---------- Record extracts

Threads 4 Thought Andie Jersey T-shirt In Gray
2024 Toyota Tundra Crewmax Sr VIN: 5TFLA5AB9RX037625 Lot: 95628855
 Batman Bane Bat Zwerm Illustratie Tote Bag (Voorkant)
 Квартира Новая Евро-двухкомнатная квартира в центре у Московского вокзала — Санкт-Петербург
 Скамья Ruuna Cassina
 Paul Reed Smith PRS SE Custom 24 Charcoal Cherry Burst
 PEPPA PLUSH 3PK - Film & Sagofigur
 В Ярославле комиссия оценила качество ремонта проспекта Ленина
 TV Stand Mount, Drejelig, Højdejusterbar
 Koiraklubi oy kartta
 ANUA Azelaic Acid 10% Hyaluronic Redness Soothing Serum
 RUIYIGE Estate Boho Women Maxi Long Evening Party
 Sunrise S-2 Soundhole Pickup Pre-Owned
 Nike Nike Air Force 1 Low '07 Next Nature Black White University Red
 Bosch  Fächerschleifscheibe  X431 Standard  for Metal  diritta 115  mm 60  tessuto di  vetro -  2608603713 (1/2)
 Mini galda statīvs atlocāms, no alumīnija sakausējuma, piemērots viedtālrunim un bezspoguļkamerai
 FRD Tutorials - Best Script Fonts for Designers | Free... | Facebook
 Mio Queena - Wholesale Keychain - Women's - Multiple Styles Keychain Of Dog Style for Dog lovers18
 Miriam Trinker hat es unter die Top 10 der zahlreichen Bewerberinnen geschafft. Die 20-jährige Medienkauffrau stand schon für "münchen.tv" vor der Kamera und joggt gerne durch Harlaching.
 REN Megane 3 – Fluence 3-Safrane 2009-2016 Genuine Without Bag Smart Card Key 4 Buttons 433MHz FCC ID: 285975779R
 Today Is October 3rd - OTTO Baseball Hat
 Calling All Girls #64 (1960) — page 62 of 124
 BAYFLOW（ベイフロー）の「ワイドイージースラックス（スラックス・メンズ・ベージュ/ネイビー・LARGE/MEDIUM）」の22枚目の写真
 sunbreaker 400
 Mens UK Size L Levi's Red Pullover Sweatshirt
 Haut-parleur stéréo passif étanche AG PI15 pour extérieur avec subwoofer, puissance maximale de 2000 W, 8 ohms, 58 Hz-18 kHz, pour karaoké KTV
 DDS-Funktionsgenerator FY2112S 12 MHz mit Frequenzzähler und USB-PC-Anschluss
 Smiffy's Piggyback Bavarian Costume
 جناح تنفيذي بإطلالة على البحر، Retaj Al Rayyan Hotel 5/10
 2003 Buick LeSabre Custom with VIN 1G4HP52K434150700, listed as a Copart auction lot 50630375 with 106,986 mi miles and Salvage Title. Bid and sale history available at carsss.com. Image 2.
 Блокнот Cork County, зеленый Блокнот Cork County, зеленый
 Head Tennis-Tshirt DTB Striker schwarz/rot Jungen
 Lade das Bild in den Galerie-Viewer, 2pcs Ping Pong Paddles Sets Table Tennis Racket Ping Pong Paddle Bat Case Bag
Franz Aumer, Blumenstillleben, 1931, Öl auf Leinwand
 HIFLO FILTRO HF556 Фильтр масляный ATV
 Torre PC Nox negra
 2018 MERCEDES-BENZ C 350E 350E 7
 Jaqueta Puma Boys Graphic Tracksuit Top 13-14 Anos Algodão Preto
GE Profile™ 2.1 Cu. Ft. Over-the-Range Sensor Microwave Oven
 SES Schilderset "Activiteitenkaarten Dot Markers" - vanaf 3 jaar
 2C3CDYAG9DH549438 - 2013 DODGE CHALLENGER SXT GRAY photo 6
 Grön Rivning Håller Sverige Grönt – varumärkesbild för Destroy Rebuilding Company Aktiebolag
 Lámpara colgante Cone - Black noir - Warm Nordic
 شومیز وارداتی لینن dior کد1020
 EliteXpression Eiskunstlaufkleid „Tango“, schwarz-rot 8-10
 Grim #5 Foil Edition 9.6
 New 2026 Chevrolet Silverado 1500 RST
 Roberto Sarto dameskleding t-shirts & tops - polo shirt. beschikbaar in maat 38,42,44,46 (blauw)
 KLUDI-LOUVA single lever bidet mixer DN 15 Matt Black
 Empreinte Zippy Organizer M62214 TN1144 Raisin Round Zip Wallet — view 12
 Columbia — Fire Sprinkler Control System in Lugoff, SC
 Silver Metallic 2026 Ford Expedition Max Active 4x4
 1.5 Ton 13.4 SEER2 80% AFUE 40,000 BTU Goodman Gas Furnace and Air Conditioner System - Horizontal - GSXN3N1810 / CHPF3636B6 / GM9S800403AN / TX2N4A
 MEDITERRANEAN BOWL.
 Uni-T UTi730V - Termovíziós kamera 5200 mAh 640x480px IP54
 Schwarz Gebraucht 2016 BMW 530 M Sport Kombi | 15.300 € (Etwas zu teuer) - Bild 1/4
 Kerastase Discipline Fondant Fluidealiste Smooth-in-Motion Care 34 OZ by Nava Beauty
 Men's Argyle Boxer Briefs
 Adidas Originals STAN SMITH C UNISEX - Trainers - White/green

--------------------

-- What to work on --
Reproduce every line of the entries above, unchanged, from the very first one down to and including the line containing "Koiraklubi oy kartta".

-- Exercise result --
Threads 4 Thought Andie Jersey T-shirt In Gray
2024 Toyota Tundra Crewmax Sr VIN: 5TFLA5AB9RX037625 Lot: 95628855
 Batman Bane Bat Zwerm Illustratie Tote Bag (Voorkant)
 Квартира Новая Евро-двухкомнатная квартира в центре у Московского вокзала — Санкт-Петербург
 Скамья Ruuna Cassina
 Paul Reed Smith PRS SE Custom 24 Charcoal Cherry Burst
 PEPPA PLUSH 3PK - Film & Sagofigur
 В Ярославле комиссия оценила качество ремонта проспекта Ленина
 TV Stand Mount, Drejelig, Højdejusterbar
 Koiraklubi oy kartta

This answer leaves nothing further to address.